### Given entries
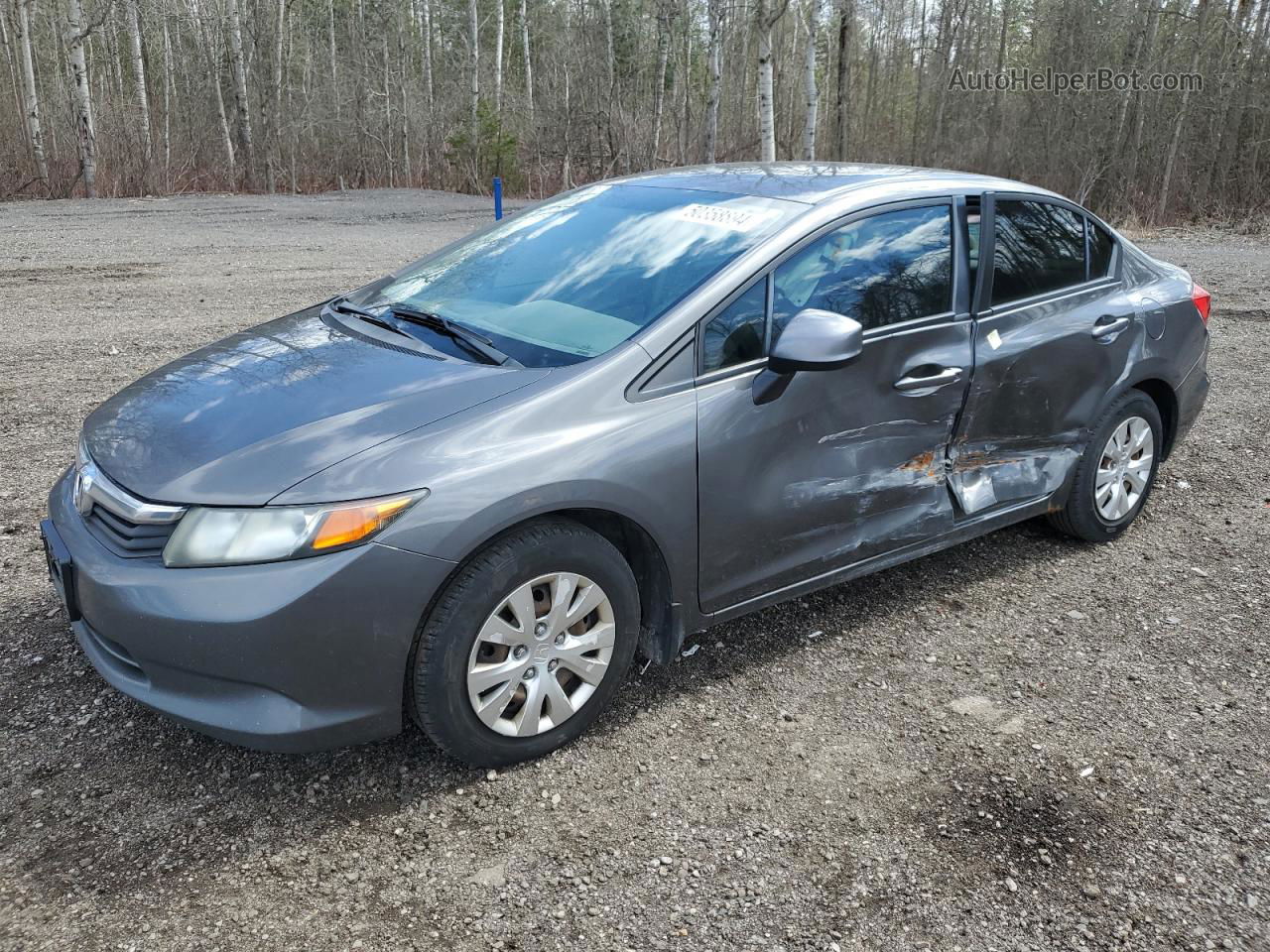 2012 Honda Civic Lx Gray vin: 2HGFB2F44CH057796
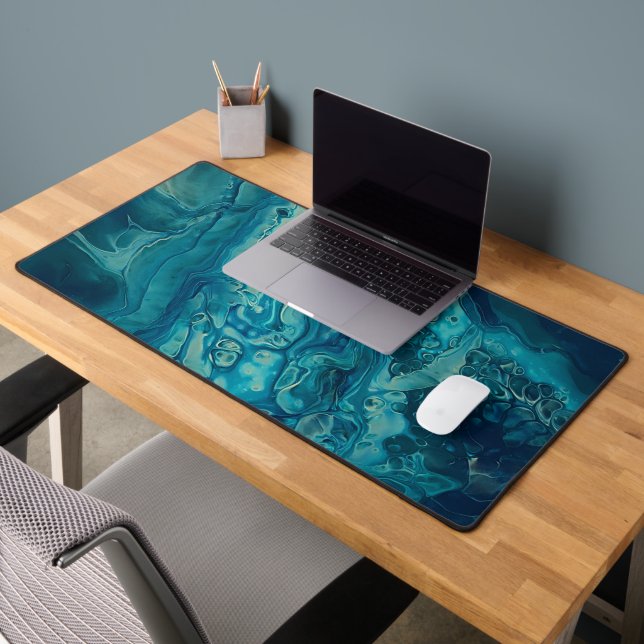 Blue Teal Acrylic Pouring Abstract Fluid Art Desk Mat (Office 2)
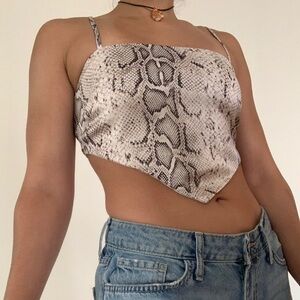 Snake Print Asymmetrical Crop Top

==

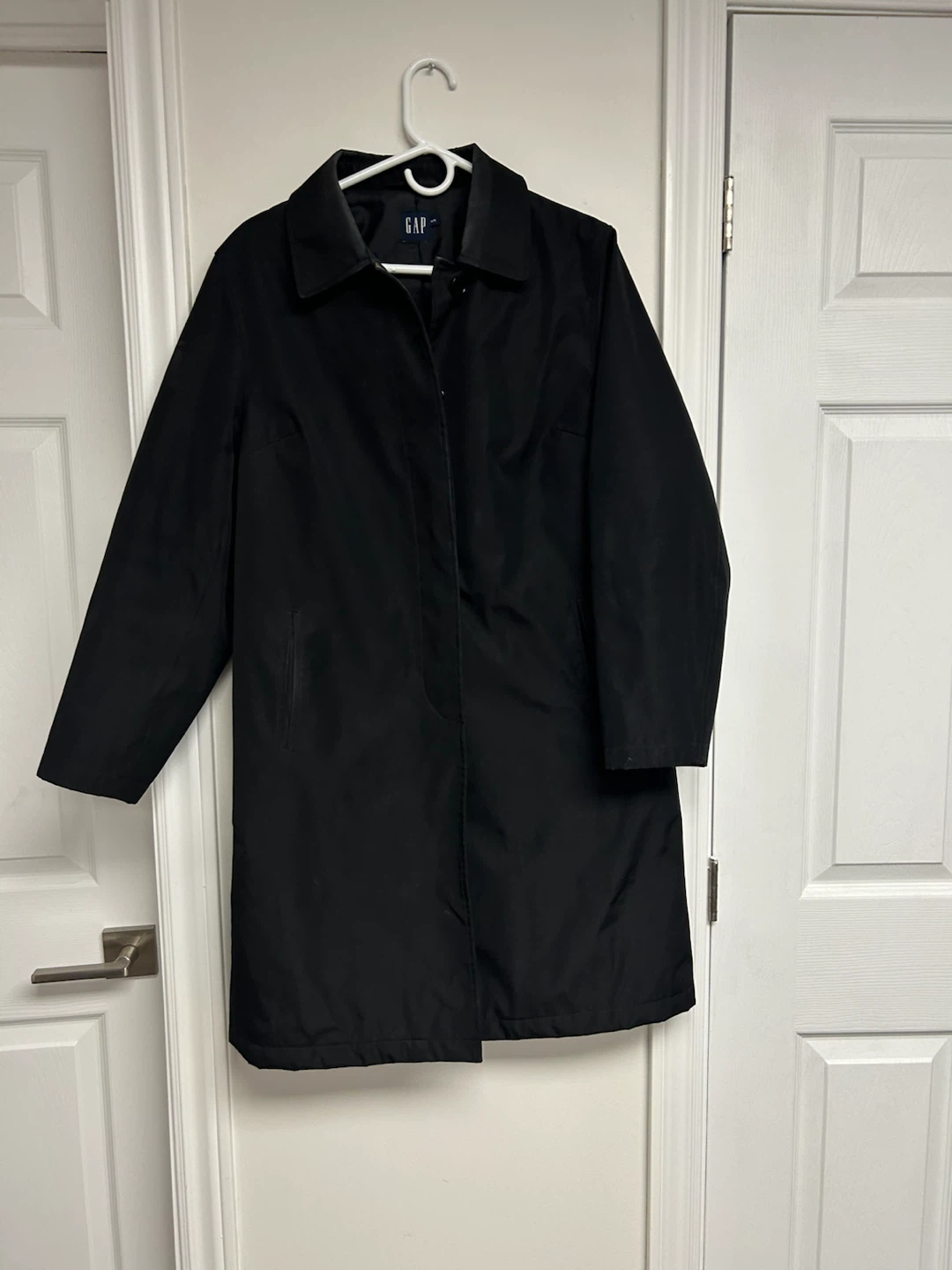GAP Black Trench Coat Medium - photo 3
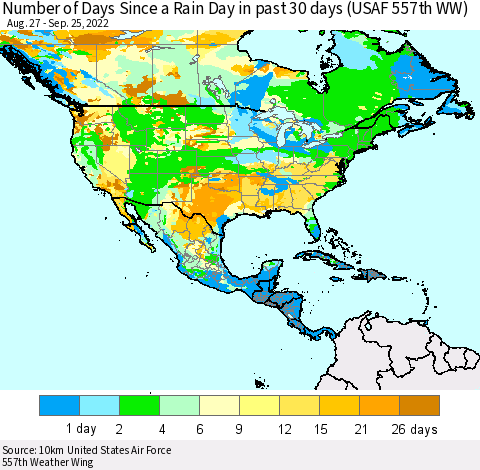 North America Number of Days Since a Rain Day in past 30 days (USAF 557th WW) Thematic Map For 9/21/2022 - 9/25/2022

### About this task
Everything between and including the line above containing "2012 Honda Civic" and the line containing "Snake Print Asymmetrical Crop Top" should be reproduced exactly, with pictures excluded.

### Exercise output
 2012 Honda Civic Lx Gray vin: 2HGFB2F44CH057796
 Blue Teal Acrylic Pouring Abstract Fluid Art Desk Mat (Office 2)
 Snake Print Asymmetrical Crop Top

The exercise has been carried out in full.